The original applicant, Ms Monicca Agarwaal filed for this application owing to the immense personal cost this demonstration had caused her, as travels to and from her place of work went from a brisk 20-minute drive to a 3-hour ordeal.
B.2 Progression of the matter
This matter was heard before Justice Sanjay Kishan Kaul as well as Justice MM Sundresh of the Supreme Court of India and is scheduled to be heard on the 20th of October 2021.
Notices were issued on the request of the Honorable Solicitor General of India, Shri Tushar Mehta, who requested the issuance of the same to eliminate any reasons for the representatives of the above-impugned organizations to not appear not to engage with the government. While the Court has yet to proceeding past the procedural formalities of the issue, the matter has had substantial changes and developments.
For instance, the government has made abundantly clear, its desire to work with the representations of the union to work out a mutually acceptable arrangement. In this regard, Shri Tushar Mehta has been tasked with the negotiations, so that he may interact with the leaders of the protestors under the context of the legal proceedings so as to bring a halt to the matter. In respect to this objective, he made it clear to the Court that the state has constituted a committee to organize talks between the conflicted parties. Such a committee’s invitations however were ignored by the impugned organizations.
B.3 Current Status
While the substantives of the existing proceedings have yet to be discussed, the Supreme Court has indicated its displeasure with the institution of these road blockades. For instance, Justice Kaul stated that:
“Redressal can be through judicial forum agitation or parliamentary debates but how can highways be blocked and this cannot be a perpetual problem”

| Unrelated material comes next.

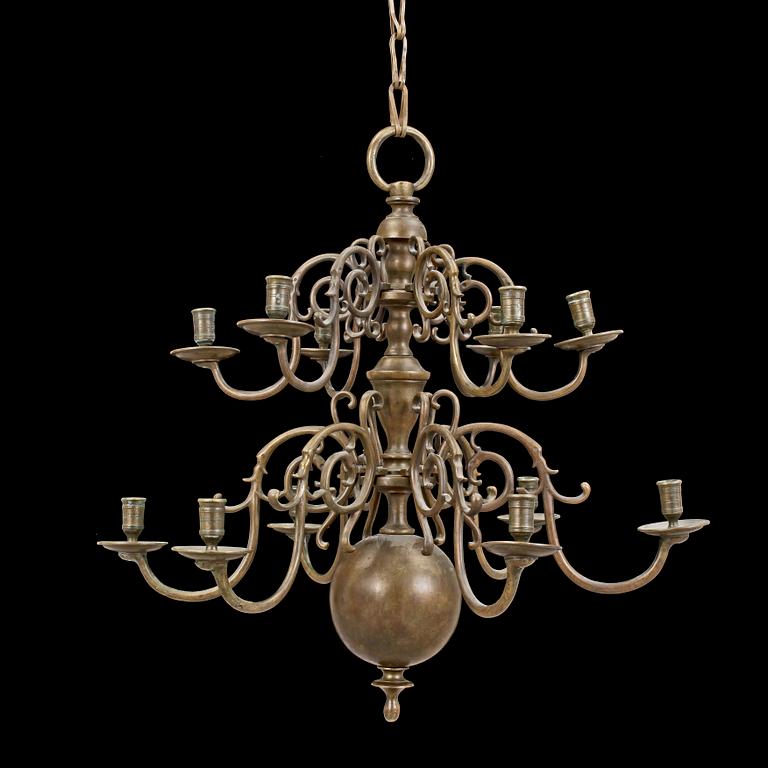 LJUSKRONA, sk Malmkrona, patinerad mässing, 1800-tal. Höjd ca 65 cm.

At the same of the numerous organizations have been sent notice, many have issued counter statements indicating their desire not to be placed in the same category as other operators. For instance, the Kisan Maha Panchayat indicated to the Supreme Court of India that it was “neither the part of protestors, who have been stopped and restrained by the Police/ Security Personnel at any National Highway nor is the members of the Petitioner farmers body involved in any activity causing any permanent/temporary blockage on the movement on any road.”
This occurred after the Kisan Maha Panchayat requested the Court for permission to hold Satya Graha near the Jantar Mantar. Such a request, before the organization, making the above distinction would have likely been denied owing to their apparent association with the road blockades. This opinion is further substantiated by the following quote by Justice AM Khanwilkar:
“You have strangulated the entire city, now you want to come inside?”
It is left to be seen what will happen before the court when this matter truly starts progressing into its substantive issues. If one thing however has become clear, it is that while the protesters are working towards a common objective, they are not a monolith by any means of the imagination.
Multiple different protesting groups have operated quite distinctly ever since the protests escalated to violence on Republic Day 2021. This could substantially impact the manner in which the government goes about dealing with the manner. In one way one could argue that such fragmentation would be a demerit to the farmers as they shall no longer have the same numerical advantage, they once enjoyed in carrying out their demonstrations. However, at the very same time, such fragmentations hall also prevents the protests from being suppressed owing to potential violent protest as each demonstration shall operate independently of each other.
Therefore, this event could prove to be a decisive point for the farmers’ protests in terms of the movement attaining its original objective of the removal of the 3 Farm Reorganization Acts.